Sécurité • La profession de détective privé est fort peu réglementée en Suisse. Ni son activité ni sa formation ne sont cadrées. Mais certains cantons alémaniques songent à serrer la vis.
Pour exercer l’activité de détective privé, aucune formation n’est requise et, sauf à Genève, aucune licence délivrée par l’Etat.
Pour exercer l’activité de détective privé, aucune formation n’est requise et, sauf à Genève, aucune licence délivrée par l’Etat.
Publié le 29.12.2014

Temps de lecture estimé : 4 minutes

Le détective privé, une des figures emblématiques de notre imaginaire occidental, semble avoir été oublié en Suisse. Son activité n’est pas cadrée dans la plupart des cantons, sa formation non plus. Les dérapages du détective privé dans l’«affaire Giroud» ont jeté une lumière crue sur cette profession peu réglementée en Suisse. Christian Sideris, patron de l’Agence d’investigation CS Enquêtes à Genève, le reconnaît: «Aucune formation de détectives privés n’est homologuée en Suisse, contrairement à ce qui se fait en France, en Belgique, en Slovénie, en Italie ou en Espagne», confie-t-il, revenant sur une information publiée par la revue juridique romande «Plaidoyer».

Parmi les cantons romands, seul Genève exige une licence délivrée par le Département de la sécurité et de l’économie pour exercer. Mais aucune compétence professionnelle précise n’est requise, peut-on lire sur le site internet de l’Etat de Genève.

Concordat alémanique

En Suisse alémanique, cette profession n’est pas mieux protégée, même si un concordat est sur la table depuis 2009. Il a été signé par neuf cantons, dont le Tessin, précise Roger Schneeberger, secrétaire général de la Conférence des directeurs des départements cantonaux de justice et police (CCDJP), qui a participé aux travaux.

Ce texte englobe non seulement les activités des agences de sécurité, mais encore celles de leurs employés, agents de sécurité ou détectives. Le concordat romand, plus ancien et signé par tous les cantons de langue française, se limite, lui, à l’activité des agences.

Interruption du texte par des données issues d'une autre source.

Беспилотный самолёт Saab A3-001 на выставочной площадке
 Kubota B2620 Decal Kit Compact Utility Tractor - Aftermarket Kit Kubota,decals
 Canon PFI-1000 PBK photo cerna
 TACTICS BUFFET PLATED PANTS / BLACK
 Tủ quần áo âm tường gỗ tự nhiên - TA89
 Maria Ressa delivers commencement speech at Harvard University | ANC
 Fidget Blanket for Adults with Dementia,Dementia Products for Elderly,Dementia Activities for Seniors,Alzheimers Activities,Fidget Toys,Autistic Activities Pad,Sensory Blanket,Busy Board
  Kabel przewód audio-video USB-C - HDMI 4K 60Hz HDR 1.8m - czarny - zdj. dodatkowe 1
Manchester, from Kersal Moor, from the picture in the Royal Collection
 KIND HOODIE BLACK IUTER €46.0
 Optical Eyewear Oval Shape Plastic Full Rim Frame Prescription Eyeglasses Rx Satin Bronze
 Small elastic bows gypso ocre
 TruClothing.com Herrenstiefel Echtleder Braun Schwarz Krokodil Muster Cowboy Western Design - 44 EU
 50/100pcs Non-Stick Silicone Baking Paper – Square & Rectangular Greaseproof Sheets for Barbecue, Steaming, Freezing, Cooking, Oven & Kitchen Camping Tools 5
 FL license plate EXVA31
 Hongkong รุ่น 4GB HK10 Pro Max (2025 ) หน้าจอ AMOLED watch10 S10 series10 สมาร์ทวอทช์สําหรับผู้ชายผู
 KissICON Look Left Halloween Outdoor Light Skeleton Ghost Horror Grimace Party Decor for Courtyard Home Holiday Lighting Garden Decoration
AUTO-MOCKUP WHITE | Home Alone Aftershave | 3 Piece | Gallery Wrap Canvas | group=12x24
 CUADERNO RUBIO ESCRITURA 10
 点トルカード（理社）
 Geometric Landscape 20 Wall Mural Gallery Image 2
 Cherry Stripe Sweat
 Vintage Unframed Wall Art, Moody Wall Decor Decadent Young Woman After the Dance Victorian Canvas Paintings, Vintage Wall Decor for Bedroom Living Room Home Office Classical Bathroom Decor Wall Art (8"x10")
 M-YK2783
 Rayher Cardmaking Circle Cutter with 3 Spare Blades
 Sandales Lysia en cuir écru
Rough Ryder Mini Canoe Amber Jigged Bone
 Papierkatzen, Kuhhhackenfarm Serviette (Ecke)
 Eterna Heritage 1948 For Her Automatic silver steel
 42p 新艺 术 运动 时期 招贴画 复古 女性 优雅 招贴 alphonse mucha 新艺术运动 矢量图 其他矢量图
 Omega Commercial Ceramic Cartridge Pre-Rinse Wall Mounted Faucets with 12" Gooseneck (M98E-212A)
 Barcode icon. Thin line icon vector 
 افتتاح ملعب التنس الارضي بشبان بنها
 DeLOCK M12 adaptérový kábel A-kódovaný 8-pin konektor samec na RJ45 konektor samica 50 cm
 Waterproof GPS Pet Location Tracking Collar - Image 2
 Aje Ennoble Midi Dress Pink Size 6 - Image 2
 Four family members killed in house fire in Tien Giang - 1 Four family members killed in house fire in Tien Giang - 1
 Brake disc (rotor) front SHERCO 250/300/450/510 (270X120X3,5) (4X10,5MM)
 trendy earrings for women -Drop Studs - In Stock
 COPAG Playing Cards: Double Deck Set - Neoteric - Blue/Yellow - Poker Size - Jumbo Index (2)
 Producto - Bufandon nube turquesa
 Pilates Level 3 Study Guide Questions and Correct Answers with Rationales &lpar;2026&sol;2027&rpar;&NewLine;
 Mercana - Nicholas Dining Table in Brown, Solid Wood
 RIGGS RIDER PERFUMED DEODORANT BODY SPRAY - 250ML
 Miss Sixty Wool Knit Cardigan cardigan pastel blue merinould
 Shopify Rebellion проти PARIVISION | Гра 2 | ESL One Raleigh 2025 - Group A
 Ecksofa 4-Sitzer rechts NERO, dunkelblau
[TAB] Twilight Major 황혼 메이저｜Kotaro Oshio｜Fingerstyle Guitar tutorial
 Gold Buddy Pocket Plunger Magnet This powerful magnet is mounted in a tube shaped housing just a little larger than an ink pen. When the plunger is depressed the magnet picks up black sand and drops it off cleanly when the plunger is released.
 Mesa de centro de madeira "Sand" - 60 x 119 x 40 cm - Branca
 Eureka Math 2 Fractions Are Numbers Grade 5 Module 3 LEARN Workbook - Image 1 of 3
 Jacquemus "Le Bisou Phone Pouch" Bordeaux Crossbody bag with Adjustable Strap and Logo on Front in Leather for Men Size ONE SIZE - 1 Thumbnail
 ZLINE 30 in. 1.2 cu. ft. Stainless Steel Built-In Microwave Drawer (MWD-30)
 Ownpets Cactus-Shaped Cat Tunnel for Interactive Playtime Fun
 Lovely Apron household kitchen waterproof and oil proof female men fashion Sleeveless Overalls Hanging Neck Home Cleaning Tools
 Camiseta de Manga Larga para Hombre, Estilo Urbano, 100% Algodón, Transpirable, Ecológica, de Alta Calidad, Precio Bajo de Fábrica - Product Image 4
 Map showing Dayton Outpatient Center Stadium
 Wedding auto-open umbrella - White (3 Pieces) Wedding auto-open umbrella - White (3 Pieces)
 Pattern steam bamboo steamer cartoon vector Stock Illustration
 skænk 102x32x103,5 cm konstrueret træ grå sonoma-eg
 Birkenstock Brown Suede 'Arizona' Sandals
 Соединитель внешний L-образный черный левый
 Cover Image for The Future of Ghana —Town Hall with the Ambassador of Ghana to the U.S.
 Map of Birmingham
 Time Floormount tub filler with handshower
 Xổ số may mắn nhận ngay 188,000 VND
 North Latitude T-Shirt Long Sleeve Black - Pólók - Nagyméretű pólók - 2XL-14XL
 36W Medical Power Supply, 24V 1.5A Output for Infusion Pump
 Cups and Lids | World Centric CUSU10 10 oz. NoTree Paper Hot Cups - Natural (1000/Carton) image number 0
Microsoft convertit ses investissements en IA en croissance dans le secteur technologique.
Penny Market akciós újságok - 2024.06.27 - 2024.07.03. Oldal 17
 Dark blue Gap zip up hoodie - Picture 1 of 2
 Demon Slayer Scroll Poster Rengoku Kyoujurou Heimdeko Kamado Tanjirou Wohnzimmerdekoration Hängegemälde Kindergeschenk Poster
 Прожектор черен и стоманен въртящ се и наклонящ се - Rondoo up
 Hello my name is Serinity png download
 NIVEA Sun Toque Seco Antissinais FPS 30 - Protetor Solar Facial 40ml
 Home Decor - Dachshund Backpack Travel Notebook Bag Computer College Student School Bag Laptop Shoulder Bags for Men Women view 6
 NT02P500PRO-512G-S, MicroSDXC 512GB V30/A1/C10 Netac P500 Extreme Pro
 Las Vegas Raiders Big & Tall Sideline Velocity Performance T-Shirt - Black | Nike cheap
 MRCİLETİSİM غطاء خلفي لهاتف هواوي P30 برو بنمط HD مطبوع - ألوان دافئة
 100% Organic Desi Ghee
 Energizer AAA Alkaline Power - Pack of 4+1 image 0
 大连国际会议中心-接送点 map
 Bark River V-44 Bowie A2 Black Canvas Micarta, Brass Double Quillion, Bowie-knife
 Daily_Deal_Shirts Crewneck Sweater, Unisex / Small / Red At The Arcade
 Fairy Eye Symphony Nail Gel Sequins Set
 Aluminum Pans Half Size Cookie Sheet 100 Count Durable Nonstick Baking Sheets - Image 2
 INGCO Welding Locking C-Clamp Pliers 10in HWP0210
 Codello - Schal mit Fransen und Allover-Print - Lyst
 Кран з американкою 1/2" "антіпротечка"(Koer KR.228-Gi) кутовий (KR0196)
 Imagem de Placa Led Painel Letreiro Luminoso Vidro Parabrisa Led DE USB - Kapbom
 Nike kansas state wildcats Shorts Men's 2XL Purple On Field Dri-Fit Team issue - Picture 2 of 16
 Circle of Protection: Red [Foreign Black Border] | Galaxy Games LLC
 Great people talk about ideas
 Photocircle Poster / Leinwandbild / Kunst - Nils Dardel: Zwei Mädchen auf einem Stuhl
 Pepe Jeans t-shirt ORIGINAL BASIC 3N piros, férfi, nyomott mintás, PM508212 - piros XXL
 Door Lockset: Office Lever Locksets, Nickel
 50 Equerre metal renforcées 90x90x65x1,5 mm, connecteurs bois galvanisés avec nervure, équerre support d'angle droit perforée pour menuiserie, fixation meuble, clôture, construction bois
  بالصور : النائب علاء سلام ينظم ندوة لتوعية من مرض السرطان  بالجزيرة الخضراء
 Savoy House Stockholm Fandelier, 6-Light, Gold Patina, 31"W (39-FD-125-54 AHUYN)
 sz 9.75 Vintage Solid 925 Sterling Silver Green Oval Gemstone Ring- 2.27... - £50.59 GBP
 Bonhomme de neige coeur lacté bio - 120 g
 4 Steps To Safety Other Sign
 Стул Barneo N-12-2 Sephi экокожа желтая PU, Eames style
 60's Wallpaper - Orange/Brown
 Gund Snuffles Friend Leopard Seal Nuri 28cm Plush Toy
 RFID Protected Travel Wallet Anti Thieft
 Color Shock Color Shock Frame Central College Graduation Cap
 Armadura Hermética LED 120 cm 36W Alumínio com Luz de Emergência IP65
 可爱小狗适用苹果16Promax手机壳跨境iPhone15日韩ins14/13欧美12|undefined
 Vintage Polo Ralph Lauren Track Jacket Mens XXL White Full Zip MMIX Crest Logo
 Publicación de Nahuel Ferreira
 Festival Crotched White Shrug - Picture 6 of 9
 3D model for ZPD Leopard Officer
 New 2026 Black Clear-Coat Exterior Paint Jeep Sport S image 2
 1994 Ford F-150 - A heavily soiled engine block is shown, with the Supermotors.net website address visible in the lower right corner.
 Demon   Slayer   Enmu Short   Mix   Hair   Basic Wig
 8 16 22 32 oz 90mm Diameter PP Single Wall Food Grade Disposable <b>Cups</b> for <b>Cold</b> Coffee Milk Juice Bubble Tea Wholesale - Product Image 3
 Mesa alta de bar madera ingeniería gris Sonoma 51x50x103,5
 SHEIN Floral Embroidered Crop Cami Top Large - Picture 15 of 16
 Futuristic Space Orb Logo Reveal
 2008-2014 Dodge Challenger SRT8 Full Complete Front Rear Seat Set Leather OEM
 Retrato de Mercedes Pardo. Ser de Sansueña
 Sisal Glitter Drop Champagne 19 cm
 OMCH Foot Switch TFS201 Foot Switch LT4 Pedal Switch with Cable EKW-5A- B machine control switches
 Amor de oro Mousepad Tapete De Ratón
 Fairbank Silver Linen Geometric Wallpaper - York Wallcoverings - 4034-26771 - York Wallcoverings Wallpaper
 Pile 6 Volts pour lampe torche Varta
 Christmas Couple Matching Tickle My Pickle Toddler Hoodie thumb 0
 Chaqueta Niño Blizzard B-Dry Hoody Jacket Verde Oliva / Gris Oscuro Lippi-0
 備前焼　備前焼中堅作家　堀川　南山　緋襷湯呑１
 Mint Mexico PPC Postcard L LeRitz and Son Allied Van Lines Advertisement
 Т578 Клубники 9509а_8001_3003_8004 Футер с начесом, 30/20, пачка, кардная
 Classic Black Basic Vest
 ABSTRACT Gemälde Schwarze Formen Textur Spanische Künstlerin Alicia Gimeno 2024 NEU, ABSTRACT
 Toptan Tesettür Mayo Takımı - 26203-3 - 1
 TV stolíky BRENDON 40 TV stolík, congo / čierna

«A Zurich, le concordat, en commission préparatoire, sera prochainement débattu au parlement. A Berne, cela devrait être le cas à l’automne 2015», poursuit le secrétaire général. Les décisions des deux grands cantons pourraient faire pencher la balance. Les voix hostiles perdraient ainsi du terrain. Elles décrient un texte que les parlements cantonaux ne peuvent qu’accepter ou refuser sans pouvoir le modifier.

L’adultère perd du terrain

Le concordat alémanique répond en partie aux nouvelles exigences de formation, avance Roland Schneeberger: les entreprises qui emploient des détectives devront leur permettre de suivre une formation continue. Et ils devront à l’avenir demander une autorisation d’exercer.

C’est vrai que le métier a évolué, explique le responsable de l’agence genevoise, qui emploie six personnes. L’adultère a perdu du terrain depuis qu’il n’est plus considéré comme une faute conjugale, en 2000. L’infidélité occupe pourtant encore l’agence à environ 20%, «si on y ajoute les pensions alimentaires».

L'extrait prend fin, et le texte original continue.